YOUR OBJECTIVE: All of the data must be output exactly, with every picture left out.

MATERIAL PROVIDED:

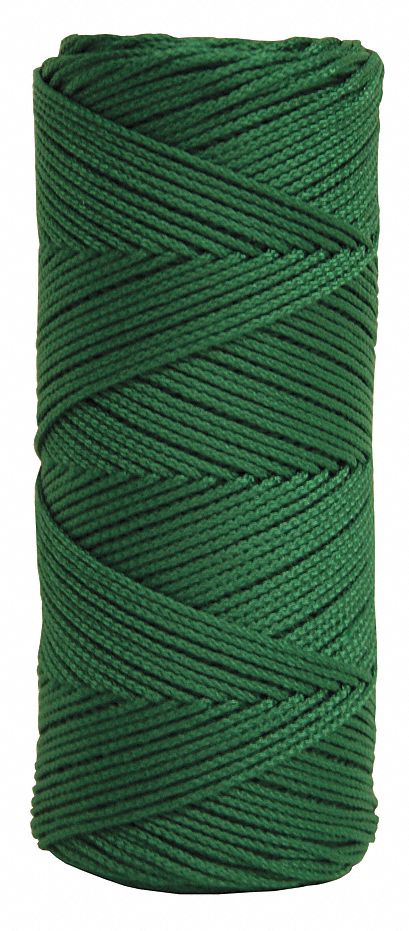 CORDEAU,500 PI,NYLON TORSADE,VERT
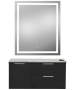 Pibbs 6002 Capri Styling Station & LED Mirror-image8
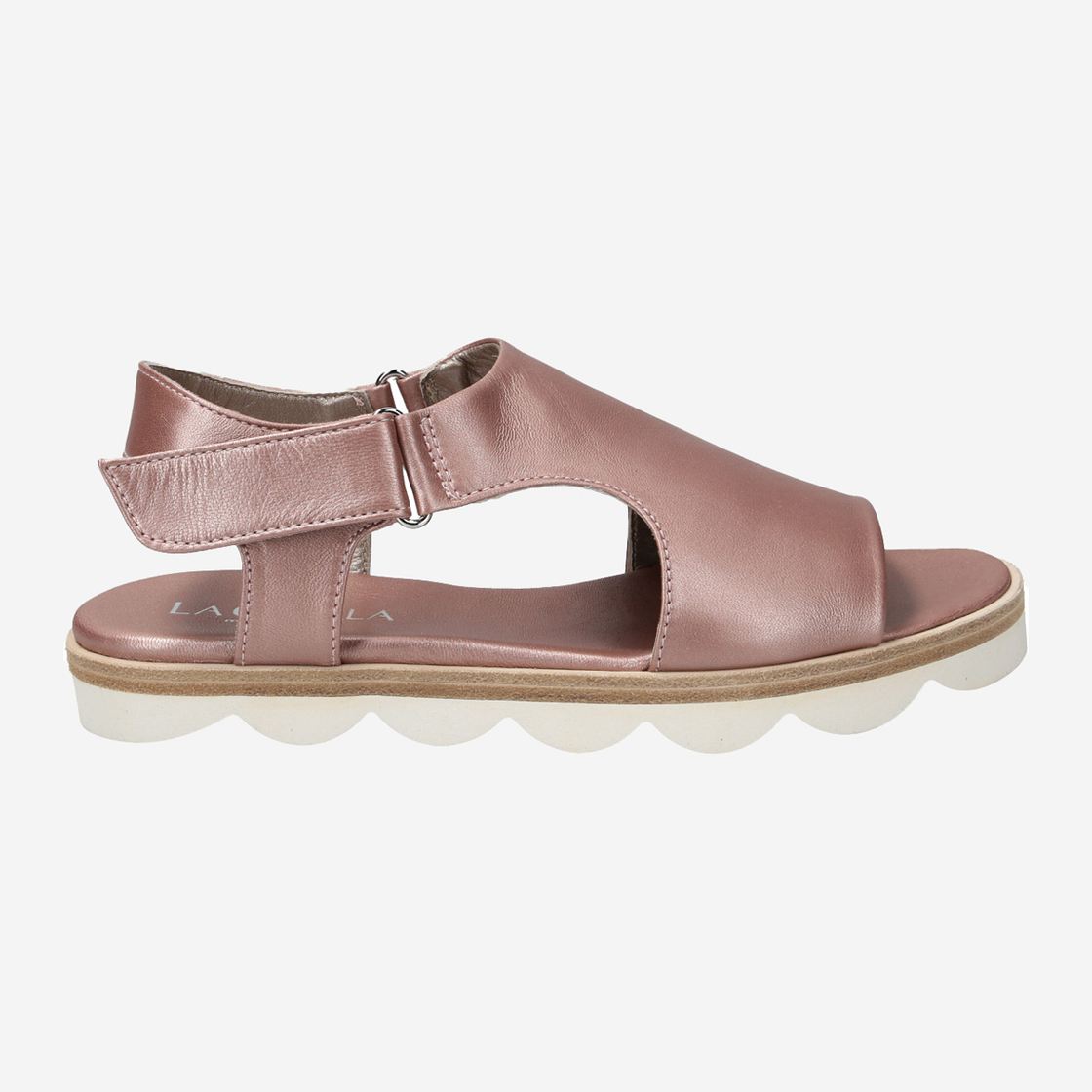 La Cabala L608222 SANDAL - Rose - Rear View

ANSWER TO THIS EXERCISE:
 CORDEAU,500 PI,NYLON TORSADE,VERT
 Pibbs 6002 Capri Styling Station & LED Mirror-image8
 La Cabala L608222 SANDAL - Rose - Rear View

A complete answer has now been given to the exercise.